Peace Culture Education based on the DPCW for Citizens has been held in India and Bangladesh since last July with the participation of graduates from Bangladesh’s Empowerment through Law of the Common People (ELCOP), an NGO, who completed the DPCW Handbook Discussion Project earlier this year, and the students from the University of Dhaka, Department of Peace and Conflict Studies. This educational program is expected to continue in 2022 after completing the second class related to “Peace Culture Education based on the DPCW for Citizens: DPCW Article 2” by December.

Peace Culture Education based on the DPCW for Citizens is a project that educates citizens so that they can easily understand the 10 Articles and 38 Clauses of the DPCW. The educational program was created with animation and video lectures so that even those who do not know the law in detail can easily understand the DPCW. Since the lecture videos explain the articles of the DPCW in detail through various examples, it is expected that the DPCW will be delivered in an easy and familiar way to the citizens.


▲ Animated video introducing the DPCW

The students who participated in the Peace Culture Education based on the DPCW for Citizens said that after watching the DPCW animation video, they understood the DPCW more easily than seeing it as a text (legal document). In addition, they said that they hope that the DPCW will be legislated as an international law while seeing a happy future in which citizens make efforts (to achieve peace), and peace is realized through peace education in the midst of conflicts such as wars and human rights violations occurring around the world. They also said that they were able to simply grasp the core of the DPCW content through the video lectures of the Peace Culture Education based on the DPCW for Citizens about each article of the DPCW. The contents that consist of the situation of each country helped them understand the DPCW in depth. Above all, they were able to understand the current situation of the world and realized the importance of the relationship between the DPCW and peace.

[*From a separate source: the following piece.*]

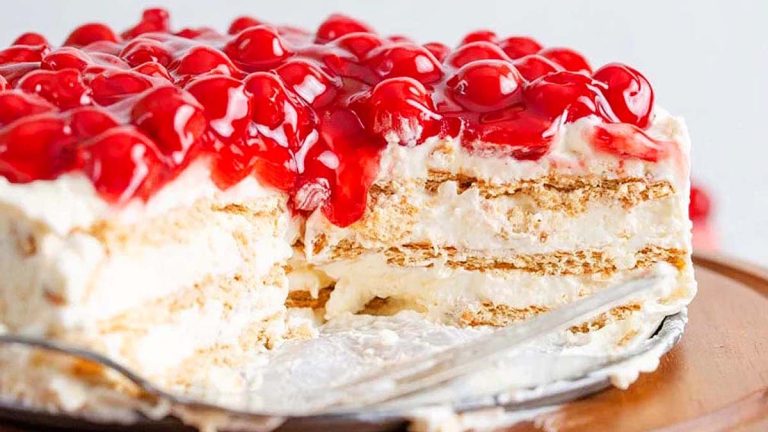 No Bake Cherry Cheesecake Icebox Cake.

The students of the University of Dhaka, Department of Peace and Conflict Studies in Bangladesh, Ms. Marjakul Binte Adzal, Mr. Mohammad Mahfujur Rahman, and Mr. Md Zarif Rahman who participated in the 2nd Peace Culture Education based on the DPCW for Citizens: DPCW Article 2 were particularly impressed by the ability to transform a lethal weapon into something beautiful such as a building or sculpture. They said that they hope that there will be more peace negotiations in the world through the DPCW. In addition, after watching the video lecture on Article 2 of the DPCW, the students said that they knew what citizens should and can do for disarmament and the elimination of nuclear weapons and expressed their will to start with what they can do.

After that, the students expressed their feelings and realizations during the education through task performance. The students did not stop there, but also shared what they were inspired and what they learned by posting them on social media such as Facebook and Instagram. They are trying to spread a culture of peace by promoting the importance of peace, HWPL, and the DPCW on social media.

▲ Tasks of the students who participated in the DPCW Peace Culture Education based on the DPCW for Citizens

Unlike this education conducted in English, in 2022, students participating in the DPCW Peace Culture Education based on the DPCW for Citizens will give lectures to citizens of their own countries in their native language. The love of Bangladeshis for their mother tongue is so extraordinary that UNESCO designated International Mother Language Day in 1999 to commemorate the struggles of Bangladeshis to find their mother tongue. Therefore, it will be particularly significant that the DPCW Peace Culture Education based on the DPCW for Citizens will be conducted through native speakers in their native language.

One of the lecturers, Ms. Mahabuba Islam Meem, a student at the University of Dhaka, Department of Peace and Conflict Studies, expressed her ambition as a lecturer saying that she hopes that many people will become messengers of the culture of peace after being inspired by her lectures and that many women would participate and have the conviction that “Peace is possible.”

Meanwhile, prior to this DPCW Peace Culture Education based on the DPCW for Citizens, HWPL Western Busan & Gyeongnam conducted the DPCW Handbook Discussion Project for six months from the end of last year to the beginning of this year for lawyers and law students in India and Bangladesh. Afterwards, the results of the project were produced in a booklet, delivered to high-level officials in each country, and promoted. In the midst of this, the DPCW Citizens Peace Culture Education was planned and conducted to inform the citizens of the importance of DPCW and peace.